Ülkemizde “bisiklet” denilince ilk akla gelen şehirdir Konya…
Bu anlamda da kimse itiraz edemez veya burun kıvıramaz…
Bu bir realitedir…
Konya bisikletin beşiğidir…
Onun içindir ki, bu şehirden onlarca değil, yüzlerce bisikletçi yetişmiş, ulusal ve uluslararası organizasyonlarda hem şehrimizi, hem de ülkemizi başarıyla temsil etmişlerdir…
Bir örnek vermek gerekirse; 1972 Münih Olimpiyatlarında yarışan Bisiklet Milli takımımızın 7 sporcusundan 5’i Konyalı…
Nezir Sonakın, Mevlüt Bora, Seyit Kırmızı, Rıfat Çalışkan ve Erol Küçükbakırcı…

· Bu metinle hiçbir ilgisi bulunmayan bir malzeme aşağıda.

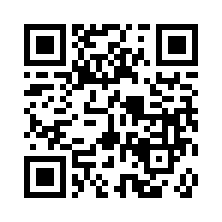 QR Code for 1LPTjykCFSeSuzhkZrvkLazDb6bcT4MbWF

Yanılmıyorsam Ahmet Ecesoy Adana, Ali Hüryılmaz ise İstanbul’dan Milli takıma giren bisikletçiler.
xxx
Ülkemizde veledrom  sadece 3 ilimizde vardı…
Konya, Bursa ve Balıkesir…
Bursa veledrom stadı yıkıldı ve yerine mevcut Timsah Arena stadı yapıldı…
Dönemin Bursa Belediye Başkanı Recep Altepe, veledrom için söz verdi, maalesef siyasi ömrü yetmedi…
Balıkesir veledromu ise yanlış hatırlamıyorsam eski statla birlikte tarihe karıştı…
Bisiklet yarışlarının yapıldığı şehrimizdeki veledrom ise stadın yıkılması ile birlikte anılarda, futbol maçlarının devre arasında yapılan bisiklet yarışlarının tadı da damağımızda kaldı…
Örneğin 40 yıl önceki Erol Küçükbakırcı-Ali Hüryılmaz arasındaki bireysel takip yarışı nefesleri kesmişti…
Erol Küçükbakırcı minik bir kurnazlık yaparak Ali Hüryılmaz’dan  kaçmış ve varış  çizgisini geçerek yarışı kazanmıştı…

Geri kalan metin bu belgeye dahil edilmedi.